EXERCISE: Print the complete set of entries exactly.

[Start of Attachment]

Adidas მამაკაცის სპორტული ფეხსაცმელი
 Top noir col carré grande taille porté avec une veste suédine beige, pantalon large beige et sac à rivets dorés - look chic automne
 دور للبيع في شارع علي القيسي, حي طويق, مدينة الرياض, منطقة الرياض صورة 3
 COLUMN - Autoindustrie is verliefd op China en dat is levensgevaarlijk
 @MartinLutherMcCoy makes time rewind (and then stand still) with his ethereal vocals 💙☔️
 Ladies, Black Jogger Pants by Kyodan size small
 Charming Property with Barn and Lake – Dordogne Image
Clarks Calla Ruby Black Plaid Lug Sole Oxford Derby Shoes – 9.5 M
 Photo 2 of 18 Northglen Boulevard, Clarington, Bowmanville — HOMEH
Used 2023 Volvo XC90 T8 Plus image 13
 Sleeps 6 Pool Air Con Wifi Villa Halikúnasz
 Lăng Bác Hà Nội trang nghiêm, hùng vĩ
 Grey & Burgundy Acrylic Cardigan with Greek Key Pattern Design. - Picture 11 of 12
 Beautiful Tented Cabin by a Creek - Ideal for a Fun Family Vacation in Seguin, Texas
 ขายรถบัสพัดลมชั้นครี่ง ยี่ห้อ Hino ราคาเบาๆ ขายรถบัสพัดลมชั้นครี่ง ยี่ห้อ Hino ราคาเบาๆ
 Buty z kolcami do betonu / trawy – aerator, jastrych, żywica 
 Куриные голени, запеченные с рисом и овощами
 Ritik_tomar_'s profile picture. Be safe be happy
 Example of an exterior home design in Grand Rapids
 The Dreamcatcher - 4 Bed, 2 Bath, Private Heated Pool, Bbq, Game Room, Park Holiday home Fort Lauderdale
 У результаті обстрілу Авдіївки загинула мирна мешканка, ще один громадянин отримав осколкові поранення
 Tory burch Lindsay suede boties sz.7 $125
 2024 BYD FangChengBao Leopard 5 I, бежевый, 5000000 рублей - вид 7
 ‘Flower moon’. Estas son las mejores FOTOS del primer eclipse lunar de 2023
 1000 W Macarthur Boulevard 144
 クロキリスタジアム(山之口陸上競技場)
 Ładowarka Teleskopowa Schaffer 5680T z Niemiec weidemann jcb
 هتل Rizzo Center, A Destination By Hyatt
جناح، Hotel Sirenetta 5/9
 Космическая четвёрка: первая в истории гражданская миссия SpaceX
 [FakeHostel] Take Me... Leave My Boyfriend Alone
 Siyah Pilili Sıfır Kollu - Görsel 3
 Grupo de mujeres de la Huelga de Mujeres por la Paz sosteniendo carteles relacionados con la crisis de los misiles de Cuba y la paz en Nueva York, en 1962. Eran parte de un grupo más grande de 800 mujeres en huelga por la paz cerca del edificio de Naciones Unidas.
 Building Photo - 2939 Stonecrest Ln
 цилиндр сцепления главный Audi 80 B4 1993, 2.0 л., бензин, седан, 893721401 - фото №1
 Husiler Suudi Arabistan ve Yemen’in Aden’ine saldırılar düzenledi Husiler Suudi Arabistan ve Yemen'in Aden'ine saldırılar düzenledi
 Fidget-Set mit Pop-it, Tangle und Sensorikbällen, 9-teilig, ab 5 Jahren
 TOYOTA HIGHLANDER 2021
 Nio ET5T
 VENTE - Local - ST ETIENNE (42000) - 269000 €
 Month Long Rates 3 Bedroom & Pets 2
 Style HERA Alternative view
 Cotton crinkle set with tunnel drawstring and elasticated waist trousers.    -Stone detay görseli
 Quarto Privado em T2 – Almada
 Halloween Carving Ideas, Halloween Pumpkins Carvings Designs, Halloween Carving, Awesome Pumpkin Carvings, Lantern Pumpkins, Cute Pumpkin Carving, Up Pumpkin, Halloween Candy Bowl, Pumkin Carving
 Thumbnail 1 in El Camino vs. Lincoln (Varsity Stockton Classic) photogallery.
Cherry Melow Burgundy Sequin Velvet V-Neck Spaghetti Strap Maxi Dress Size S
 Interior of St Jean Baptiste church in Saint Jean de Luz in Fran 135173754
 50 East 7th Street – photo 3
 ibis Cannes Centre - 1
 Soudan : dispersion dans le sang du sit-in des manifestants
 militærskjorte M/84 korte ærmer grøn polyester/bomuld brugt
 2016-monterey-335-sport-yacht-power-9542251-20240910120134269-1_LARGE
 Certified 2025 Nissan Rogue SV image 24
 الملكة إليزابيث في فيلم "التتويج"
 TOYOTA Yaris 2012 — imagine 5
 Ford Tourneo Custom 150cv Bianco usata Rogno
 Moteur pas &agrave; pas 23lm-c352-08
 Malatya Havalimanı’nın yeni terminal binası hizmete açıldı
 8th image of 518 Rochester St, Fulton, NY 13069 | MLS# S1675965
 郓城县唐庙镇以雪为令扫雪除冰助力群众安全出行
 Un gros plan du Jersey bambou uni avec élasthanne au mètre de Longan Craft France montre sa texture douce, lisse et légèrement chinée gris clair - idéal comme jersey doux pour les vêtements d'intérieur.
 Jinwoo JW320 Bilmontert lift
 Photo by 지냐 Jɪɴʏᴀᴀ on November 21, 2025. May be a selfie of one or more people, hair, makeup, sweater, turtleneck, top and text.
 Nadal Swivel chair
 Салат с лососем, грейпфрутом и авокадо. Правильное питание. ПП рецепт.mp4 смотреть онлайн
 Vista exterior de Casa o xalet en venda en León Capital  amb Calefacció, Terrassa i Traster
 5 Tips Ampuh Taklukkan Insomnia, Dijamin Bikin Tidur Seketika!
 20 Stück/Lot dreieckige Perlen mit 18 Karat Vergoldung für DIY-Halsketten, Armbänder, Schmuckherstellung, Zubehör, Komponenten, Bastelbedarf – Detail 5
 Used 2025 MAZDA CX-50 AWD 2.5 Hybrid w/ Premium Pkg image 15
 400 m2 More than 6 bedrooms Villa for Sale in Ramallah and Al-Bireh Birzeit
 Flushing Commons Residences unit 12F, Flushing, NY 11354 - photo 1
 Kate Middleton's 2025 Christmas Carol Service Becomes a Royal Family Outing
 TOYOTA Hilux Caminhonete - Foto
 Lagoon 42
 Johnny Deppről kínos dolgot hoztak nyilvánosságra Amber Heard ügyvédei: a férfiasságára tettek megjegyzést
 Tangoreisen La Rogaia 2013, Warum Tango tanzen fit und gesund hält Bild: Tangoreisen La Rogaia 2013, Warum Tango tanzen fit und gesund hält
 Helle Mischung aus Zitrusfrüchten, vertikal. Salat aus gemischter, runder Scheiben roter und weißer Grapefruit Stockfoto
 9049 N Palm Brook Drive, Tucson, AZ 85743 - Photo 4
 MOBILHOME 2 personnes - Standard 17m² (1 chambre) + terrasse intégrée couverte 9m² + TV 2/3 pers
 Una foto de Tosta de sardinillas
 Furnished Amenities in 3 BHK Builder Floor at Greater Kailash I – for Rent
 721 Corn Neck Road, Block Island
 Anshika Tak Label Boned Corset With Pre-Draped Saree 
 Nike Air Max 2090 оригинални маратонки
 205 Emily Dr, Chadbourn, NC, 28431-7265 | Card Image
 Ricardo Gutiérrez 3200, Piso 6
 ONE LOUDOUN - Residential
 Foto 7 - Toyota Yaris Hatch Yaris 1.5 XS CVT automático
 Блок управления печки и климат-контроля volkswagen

[End of Attachment]

RESPONSE BELOW:
Adidas მამაკაცის სპორტული ფეხსაცმელი
 Top noir col carré grande taille porté avec une veste suédine beige, pantalon large beige et sac à rivets dorés - look chic automne
 دور للبيع في شارع علي القيسي, حي طويق, مدينة الرياض, منطقة الرياض صورة 3
 COLUMN - Autoindustrie is verliefd op China en dat is levensgevaarlijk
 @MartinLutherMcCoy makes time rewind (and then stand still) with his ethereal vocals 💙☔️
 Ladies, Black Jogger Pants by Kyodan size small
 Charming Property with Barn and Lake – Dordogne Image
Clarks Calla Ruby Black Plaid Lug Sole Oxford Derby Shoes – 9.5 M
 Photo 2 of 18 Northglen Boulevard, Clarington, Bowmanville — HOMEH
Used 2023 Volvo XC90 T8 Plus image 13
 Sleeps 6 Pool Air Con Wifi Villa Halikúnasz
 Lăng Bác Hà Nội trang nghiêm, hùng vĩ
 Grey & Burgundy Acrylic Cardigan with Greek Key Pattern Design. - Picture 11 of 12
 Beautiful Tented Cabin by a Creek - Ideal for a Fun Family Vacation in Seguin, Texas
 ขายรถบัสพัดลมชั้นครี่ง ยี่ห้อ Hino ราคาเบาๆ ขายรถบัสพัดลมชั้นครี่ง ยี่ห้อ Hino ราคาเบาๆ
 Buty z kolcami do betonu / trawy – aerator, jastrych, żywica 
 Куриные голени, запеченные с рисом и овощами
 Ritik_tomar_'s profile picture. Be safe be happy
 Example of an exterior home design in Grand Rapids
 The Dreamcatcher - 4 Bed, 2 Bath, Private Heated Pool, Bbq, Game Room, Park Holiday home Fort Lauderdale
 У результаті обстрілу Авдіївки загинула мирна мешканка, ще один громадянин отримав осколкові поранення
 Tory burch Lindsay suede boties sz.7 $125
 2024 BYD FangChengBao Leopard 5 I, бежевый, 5000000 рублей - вид 7
 ‘Flower moon’. Estas son las mejores FOTOS del primer eclipse lunar de 2023
 1000 W Macarthur Boulevard 144
 クロキリスタジアム(山之口陸上競技場)
 Ładowarka Teleskopowa Schaffer 5680T z Niemiec weidemann jcb
 هتل Rizzo Center, A Destination By Hyatt
جناح، Hotel Sirenetta 5/9
 Космическая четвёрка: первая в истории гражданская миссия SpaceX
 [FakeHostel] Take Me... Leave My Boyfriend Alone
 Siyah Pilili Sıfır Kollu - Görsel 3
 Grupo de mujeres de la Huelga de Mujeres por la Paz sosteniendo carteles relacionados con la crisis de los misiles de Cuba y la paz en Nueva York, en 1962. Eran parte de un grupo más grande de 800 mujeres en huelga por la paz cerca del edificio de Naciones Unidas.
 Building Photo - 2939 Stonecrest Ln
 цилиндр сцепления главный Audi 80 B4 1993, 2.0 л., бензин, седан, 893721401 - фото №1
 Husiler Suudi Arabistan ve Yemen’in Aden’ine saldırılar düzenledi Husiler Suudi Arabistan ve Yemen'in Aden'ine saldırılar düzenledi
 Fidget-Set mit Pop-it, Tangle und Sensorikbällen, 9-teilig, ab 5 Jahren
 TOYOTA HIGHLANDER 2021
 Nio ET5T
 VENTE - Local - ST ETIENNE (42000) - 269000 €
 Month Long Rates 3 Bedroom & Pets 2
 Style HERA Alternative view
 Cotton crinkle set with tunnel drawstring and elasticated waist trousers.    -Stone detay görseli
 Quarto Privado em T2 – Almada
 Halloween Carving Ideas, Halloween Pumpkins Carvings Designs, Halloween Carving, Awesome Pumpkin Carvings, Lantern Pumpkins, Cute Pumpkin Carving, Up Pumpkin, Halloween Candy Bowl, Pumkin Carving
 Thumbnail 1 in El Camino vs. Lincoln (Varsity Stockton Classic) photogallery.
Cherry Melow Burgundy Sequin Velvet V-Neck Spaghetti Strap Maxi Dress Size S
 Interior of St Jean Baptiste church in Saint Jean de Luz in Fran 135173754
 50 East 7th Street – photo 3
 ibis Cannes Centre - 1
 Soudan : dispersion dans le sang du sit-in des manifestants
 militærskjorte M/84 korte ærmer grøn polyester/bomuld brugt
 2016-monterey-335-sport-yacht-power-9542251-20240910120134269-1_LARGE
 Certified 2025 Nissan Rogue SV image 24
 الملكة إليزابيث في فيلم "التتويج"
 TOYOTA Yaris 2012 — imagine 5
 Ford Tourneo Custom 150cv Bianco usata Rogno
 Moteur pas &agrave; pas 23lm-c352-08
 Malatya Havalimanı’nın yeni terminal binası hizmete açıldı
 8th image of 518 Rochester St, Fulton, NY 13069 | MLS# S1675965
 郓城县唐庙镇以雪为令扫雪除冰助力群众安全出行
 Un gros plan du Jersey bambou uni avec élasthanne au mètre de Longan Craft France montre sa texture douce, lisse et légèrement chinée gris clair - idéal comme jersey doux pour les vêtements d'intérieur.
 Jinwoo JW320 Bilmontert lift
 Photo by 지냐 Jɪɴʏᴀᴀ on November 21, 2025. May be a selfie of one or more people, hair, makeup, sweater, turtleneck, top and text.
 Nadal Swivel chair
 Салат с лососем, грейпфрутом и авокадо. Правильное питание. ПП рецепт.mp4 смотреть онлайн
 Vista exterior de Casa o xalet en venda en León Capital  amb Calefacció, Terrassa i Traster
 5 Tips Ampuh Taklukkan Insomnia, Dijamin Bikin Tidur Seketika!
 20 Stück/Lot dreieckige Perlen mit 18 Karat Vergoldung für DIY-Halsketten, Armbänder, Schmuckherstellung, Zubehör, Komponenten, Bastelbedarf – Detail 5
 Used 2025 MAZDA CX-50 AWD 2.5 Hybrid w/ Premium Pkg image 15
 400 m2 More than 6 bedrooms Villa for Sale in Ramallah and Al-Bireh Birzeit
 Flushing Commons Residences unit 12F, Flushing, NY 11354 - photo 1
 Kate Middleton's 2025 Christmas Carol Service Becomes a Royal Family Outing
 TOYOTA Hilux Caminhonete - Foto
 Lagoon 42
 Johnny Deppről kínos dolgot hoztak nyilvánosságra Amber Heard ügyvédei: a férfiasságára tettek megjegyzést
 Tangoreisen La Rogaia 2013, Warum Tango tanzen fit und gesund hält Bild: Tangoreisen La Rogaia 2013, Warum Tango tanzen fit und gesund hält
 Helle Mischung aus Zitrusfrüchten, vertikal. Salat aus gemischter, runder Scheiben roter und weißer Grapefruit Stockfoto
 9049 N Palm Brook Drive, Tucson, AZ 85743 - Photo 4
 MOBILHOME 2 personnes - Standard 17m² (1 chambre) + terrasse intégrée couverte 9m² + TV 2/3 pers
 Una foto de Tosta de sardinillas
 Furnished Amenities in 3 BHK Builder Floor at Greater Kailash I – for Rent
 721 Corn Neck Road, Block Island
 Anshika Tak Label Boned Corset With Pre-Draped Saree 
 Nike Air Max 2090 оригинални маратонки
 205 Emily Dr, Chadbourn, NC, 28431-7265 | Card Image
 Ricardo Gutiérrez 3200, Piso 6
 ONE LOUDOUN - Residential
 Foto 7 - Toyota Yaris Hatch Yaris 1.5 XS CVT automático
 Блок управления печки и климат-контроля volkswagen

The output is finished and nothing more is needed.